Low cholesterol diet and regular exercise is the surest way to get rid of the heart problems. Hunger makes you think more about food so fill yourself with carbohydrates and fiber enriched food like dry cereals, snacks and pop corns between your meals. To stay healthy Following are the best food and diet tips.

Useful Diet & Food Tips

Eat to live and don’t live to eat.

Exercise is best remedy for reducing the hunger and stress. Pick an exercise plan and do it on the regular basis.

Eat fruit and drink water excessively at least 8-10 glasses of water per day. Both are helpful in reducing the appetite.

Eat regular meals because skipping meal can lead to out of control hunger, which can result in over eating.

Snacking between meals is helpful to curb hunger but don’t use much snaking so that it should not become the meal itself.

You need forty different nutrients to maintain your health so eat variety of food because not single food can supply all the required nutrients.

Keep away from the processed food and artificial sugar made food.

Use fresh vegetables, whole grain and fruit.

Take a note that how you feel after getting different kinds of food i.e. do you feel energetic, sleepy, constipated, and full or require more food.
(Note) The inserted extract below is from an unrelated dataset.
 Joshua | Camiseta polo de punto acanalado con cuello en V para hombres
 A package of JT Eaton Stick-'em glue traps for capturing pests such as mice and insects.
Only use skimmed milk for coffee or tea.

Divide your daily calories requirements into the smaller meals or snacks.

Protein is more satisfying nutrient than the carbohydrates or fats. Enough protein helps in preserving muscle mass and encourages the body to burn the fat so add health protein sources in your food like beans, nuts, cheese and white meat.

Don’t excessively use butter, sour cream and other fatty food.